Shopping The Curb

This weekend is large item pickup here in Mayberry.  It is a once-a-year event that rivals Christmas in its participation and scale.  Homeowners can set nearly anything they want (as long as it is no bigger than a fridge) on the curb to be picked up by the trash company at no extra charge.  It is the ideal time to clean out the basement and garage, and though some things are easy to load up and take to Habitat Restore or Savers it is much more fun to haul it to the curb.

Why?  The customers.

Days ahead of the scheduled date, piles start appearing and then the cruising starts.  By far the biggest drive-bys are the metal scrappers.  Truck beds scraping the ground overflowing with washers and dryers, storm doors and grills.  If it has metal in it they are scavenging it, and by Friday night some streets are bumper-to-bumper.

Next are the people looking to outfit their home or apartment with a halfway decent couch, a chair or two and maybe some bookshelves.  They are not as hearty as the metal scrappers, just friendly thrifters looking to score some freebies.

Lastly, there are people like me and my vintage neighbors.  No longer willing to put the hours or gas into it like the old days, we just hope to find something unusual and old as we take the long way to the grocery store.

A young intern at work asked me once about curb shopping when she overheard me telling someone what I found.

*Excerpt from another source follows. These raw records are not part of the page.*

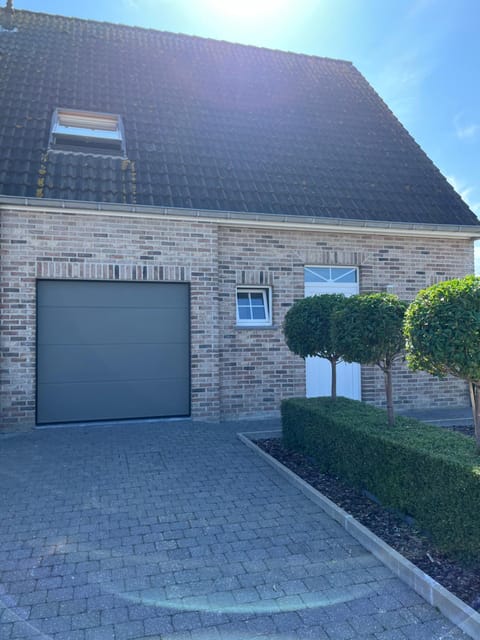 Huis Marlin House in Bredene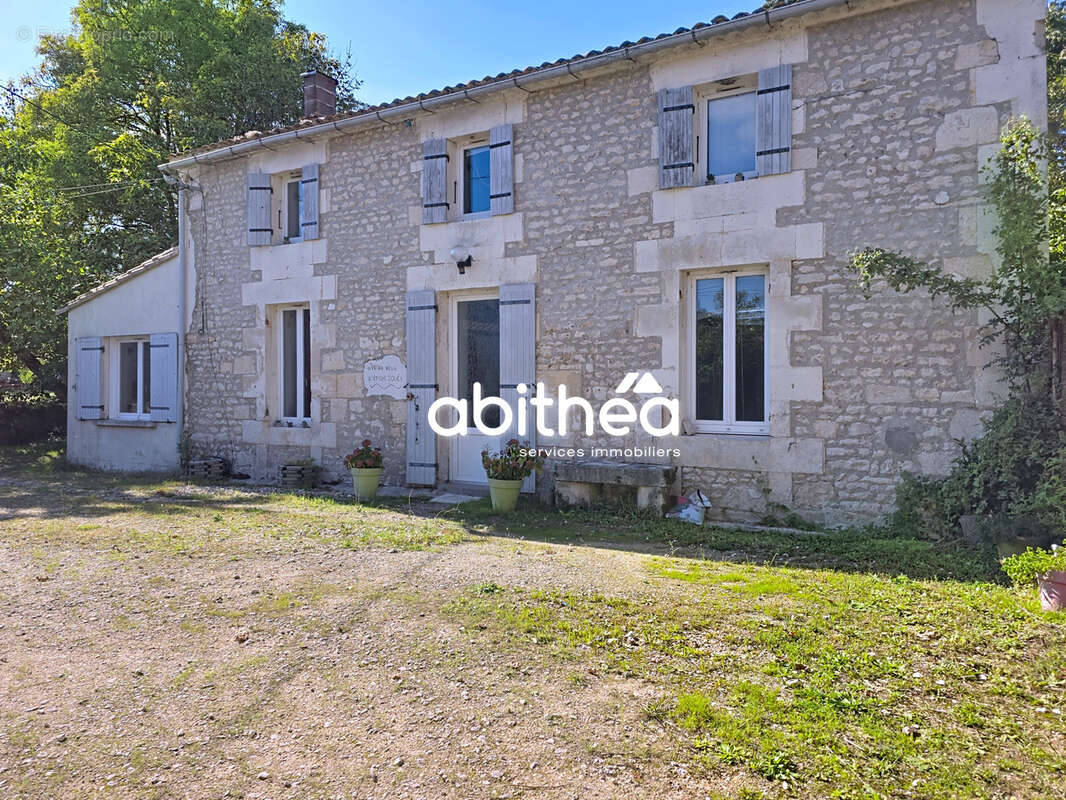 Ensemble immobilier  charentaise 148 m2  4 chambres  gite independant 75 m2  barzan - photo 8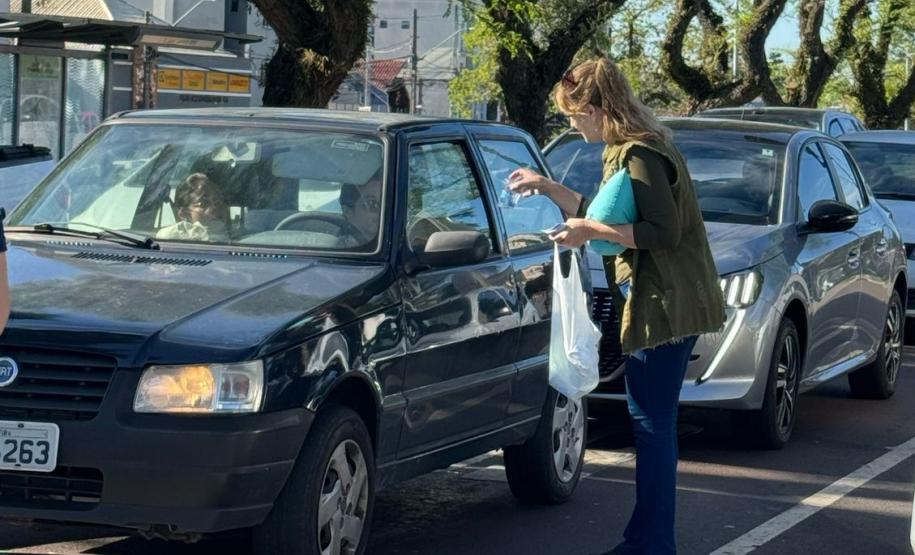 IAT distribuiu 960 copos da água e cartões informativos para conscientizar a população de Curitiba sobre o uso racional do recurso hídrico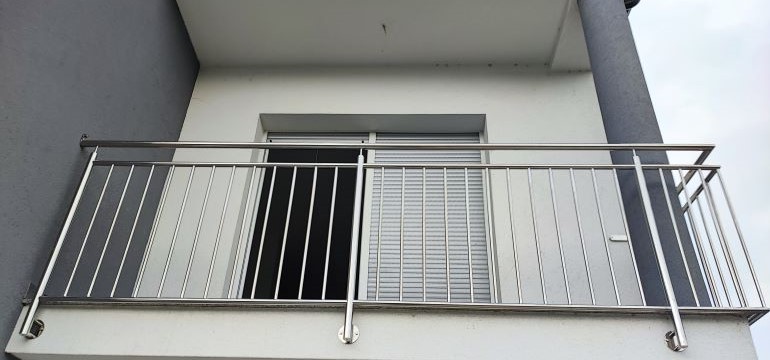 ograda za balkon sa okomitim ispunama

It started years ago when I saw some old windows on the curb and couldn’t believe they were getting thrown out. With my mortified teenage daughter sinking into her seat, I popped open the back of the van and put some in the back.

Was I embarrassed about being seen?  Yes.  Was I hooked?  Like a senior at the slot machines.

Spring is the perfect time to curb shop and the thing I have found to be true nearly all of the time is this:

Nice neighborhoods with big houses don’t have the best stuff.

Older homes are the goldmine of great finds.  Cleaning out after a parent or grandparent has moved out, most people seem to want to just get rid of all that stuff.  That’s what happened when my neighbor popped open a box on the curb and found it full of glass dishes and quilts.

Here then are some of my favorite freebies….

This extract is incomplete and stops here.